The M7 radio modem has an optional MOSFET output driver on the OUT0 output. (Only the OUT0,, not the OUT1 output).  If this option is installed, OUT0 will be pulled to ground to energize an external relay or lamp whenever OUT0 was supposed to go low.  So closing S1 on the sending station will cause OUT0 to go low, energizing the relay/lamp/led…

The MOSFET that drives OUT0 is a 2N7002 type device.  Do not connect a lamp/relay that draws more than 100mA to OUT0.  Also, if OUT0 is driving an inductive load, use a surge-protection diode such as a 1N4001 across the load to prevent high-voltage transients.

If the optional MOSFET driver is not installed, OUT0 will simply follow INPUT0 with RS232 signal levels.

MIMIC mode will work without the optional MOSFET, but if you want the M7 radio do drive one relay or medium-current device, then you must order the MOSFET option for OUT0 from the factory when the M7 is purchased.

MIMIC Hardware

There are two aspects to the MIMIC mode:

  1. The transmitter that sends the status of its digital inputs.  This is enabled with the MIMIC X Y command.
  2. The unit that receives the over-the-air MIMIC message, and sets its digital outputs to match the inputs of the sending station.  This function is enabled with the ATIO 1 command.  ATIO 1 configures the DB9 serial port to operate with RS232 signal levels, and use the digital control lines for digital I/O instead of RS232 flow control.  ATIO 0 turns off MIMIC reception ability, and the digital I/O pins will operate as flow control signals.

The goal of the MIMIC mode is quite simple: Flip a switch at one location, and have something at another location turn on or off.

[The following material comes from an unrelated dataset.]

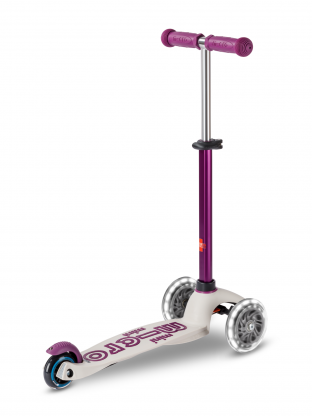 Trottinette 3 roues Mini Micro Deluxe Eco Pourpre LED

Configuring an M7 for MIMIC mode

MIMIC transmissions are enabled with the MIMIC X Y command.   MIMIC 0 disables MIMIC mode and puts the unit in standard radio modem operation mode.  MIMIC X Y with X and Y being any positive number will enable the MIMIC feature. The MIMIC X Y command sets the unit to transmit a MIMIC over-the-air message every X seconds when INPUT0 is low, and to every Y seconds when INPUT0 is high.

For complete details on configuring an M7 for MIMIC mode, see application note AN161_MIMIC_M7.

MIMIC Command settings

If digital input INPUT0 is low, every X seconds, the M7 will automatically transmit the digital status of both the the INPUT0 and INPUT1 pins.  If INPUT0 is high, every Y seconds, the M7 will automatically transmit the digital status of the INPUT0 and INPUT1 pins. For example, MIMIC 2 60 configures the radio to send the state of INPUT0 and INPUT1 pins every 2 seconds if INPUT0 is low, and every minute if INPUT0 is high.

Radio addressing operates as it does in the standard mode.  When a unit receives a MIMIC transmission intended for its ID, it will set its OUT0 and OUT1 pins as determined by the sending stations INPUT 0 and INPUT1.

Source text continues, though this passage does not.